Look below for the lines from the one with "Tir groupé - Jean-Claude" to the one with "LEDLENSER HF7R Core, Čelovka", and copy exactly those lines, both ends included.

THE DATA:
========================================

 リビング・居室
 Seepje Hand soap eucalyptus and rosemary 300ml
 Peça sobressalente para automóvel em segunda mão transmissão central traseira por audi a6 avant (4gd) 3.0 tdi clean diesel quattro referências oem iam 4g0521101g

========================================

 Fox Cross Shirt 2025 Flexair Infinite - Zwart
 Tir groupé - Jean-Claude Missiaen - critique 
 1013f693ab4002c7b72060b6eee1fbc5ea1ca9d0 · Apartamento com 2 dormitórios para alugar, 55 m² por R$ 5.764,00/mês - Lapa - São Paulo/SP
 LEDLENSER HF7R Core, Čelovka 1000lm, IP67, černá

========================================

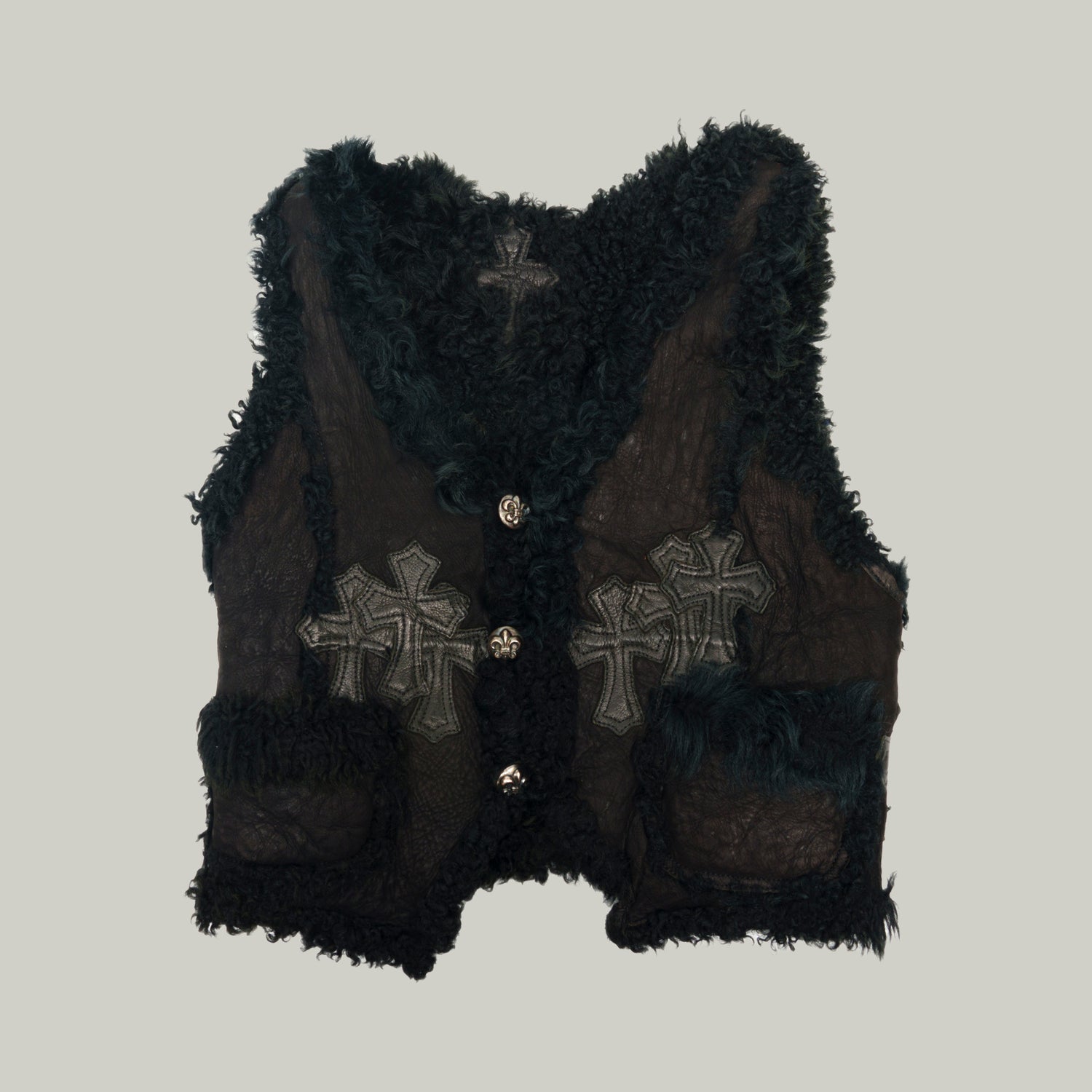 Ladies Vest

========================================

ANSWER BOX:
 Tir groupé - Jean-Claude Missiaen - critique 
 1013f693ab4002c7b72060b6eee1fbc5ea1ca9d0 · Apartamento com 2 dormitórios para alugar, 55 m² por R$ 5.764,00/mês - Lapa - São Paulo/SP
 LEDLENSER HF7R Core, Čelovka 1000lm, IP67, černá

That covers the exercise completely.